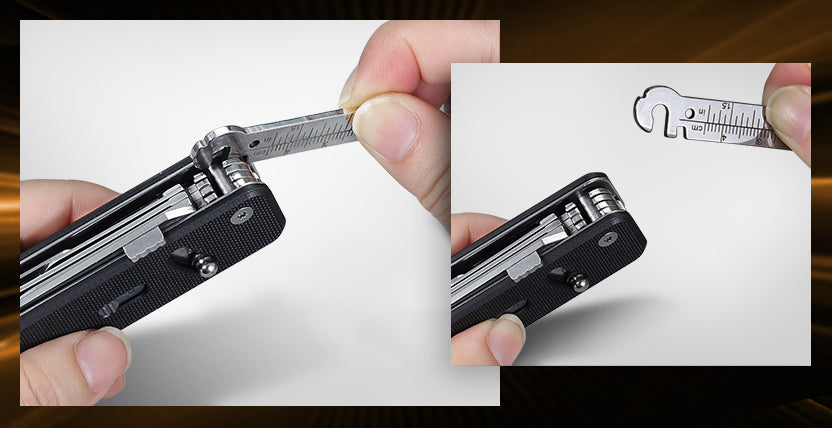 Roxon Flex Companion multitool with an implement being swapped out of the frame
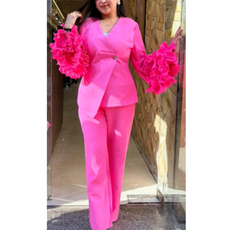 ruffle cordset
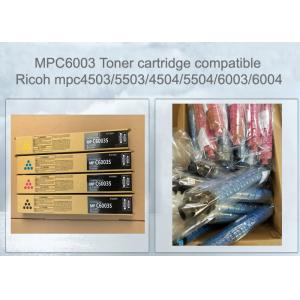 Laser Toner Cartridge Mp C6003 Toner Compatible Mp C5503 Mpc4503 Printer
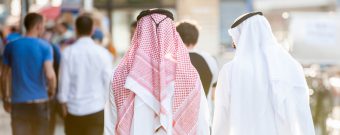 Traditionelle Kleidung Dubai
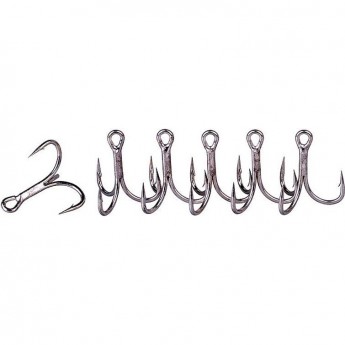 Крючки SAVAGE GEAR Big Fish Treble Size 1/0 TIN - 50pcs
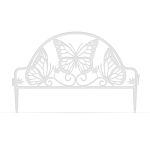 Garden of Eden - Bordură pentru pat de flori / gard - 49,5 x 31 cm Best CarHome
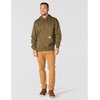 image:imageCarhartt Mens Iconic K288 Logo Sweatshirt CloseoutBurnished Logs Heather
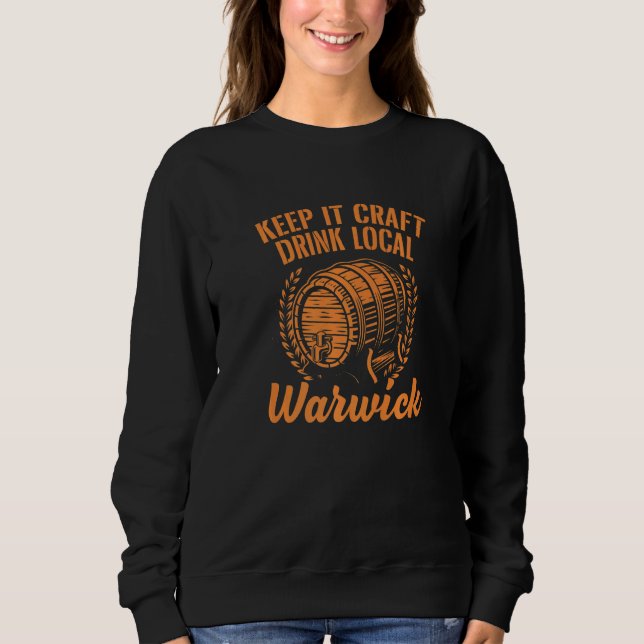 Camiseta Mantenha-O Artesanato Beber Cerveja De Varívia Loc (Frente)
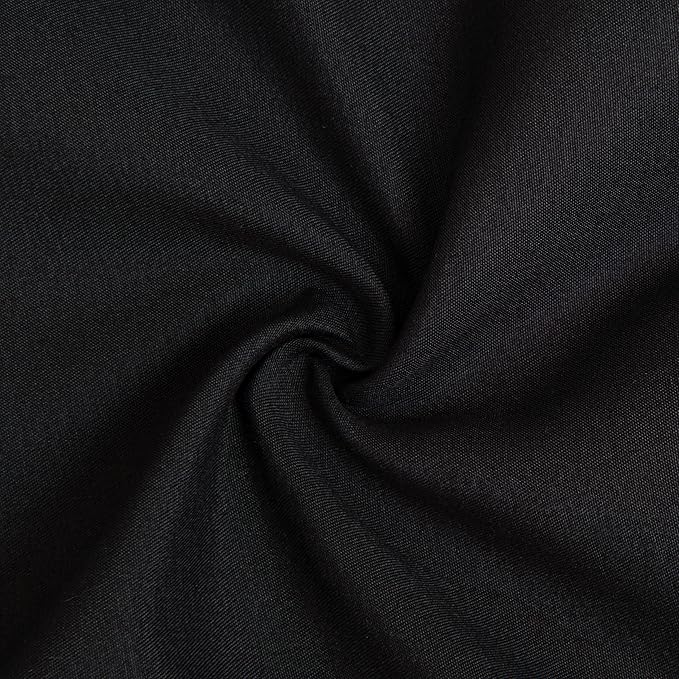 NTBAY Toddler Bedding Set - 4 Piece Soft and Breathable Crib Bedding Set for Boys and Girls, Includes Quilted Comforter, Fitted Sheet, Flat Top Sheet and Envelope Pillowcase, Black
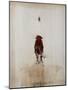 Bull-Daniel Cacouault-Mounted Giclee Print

# TO DO
Each record should be copied exactly, and each image left out.

# TASK SOLUTION
 Roxon Flex Companion multitool with an implement being swapped out of the frame
 ruffle cordset
 Laser Toner Cartridge Mp C6003 Toner Compatible Mp C5503 Mpc4503 Printer
 Traditionelle Kleidung Dubai
 Крючки SAVAGE GEAR Big Fish Treble Size 1/0 TIN - 50pcs
 Garden of Eden - Bordură pentru pat de flori / gard - 49,5 x 31 cm Best CarHome
 image:imageCarhartt Mens Iconic K288 Logo Sweatshirt CloseoutBurnished Logs Heather
 Camiseta Mantenha-O Artesanato Beber Cerveja De Varívia Loc (Frente)
 NTBAY Toddler Bedding Set - 4 Piece Soft and Breathable Crib Bedding Set for Boys and Girls, Includes Quilted Comforter, Fitted Sheet, Flat Top Sheet and Envelope Pillowcase, Black
 Bull-Daniel Cacouault-Mounted Giclee Print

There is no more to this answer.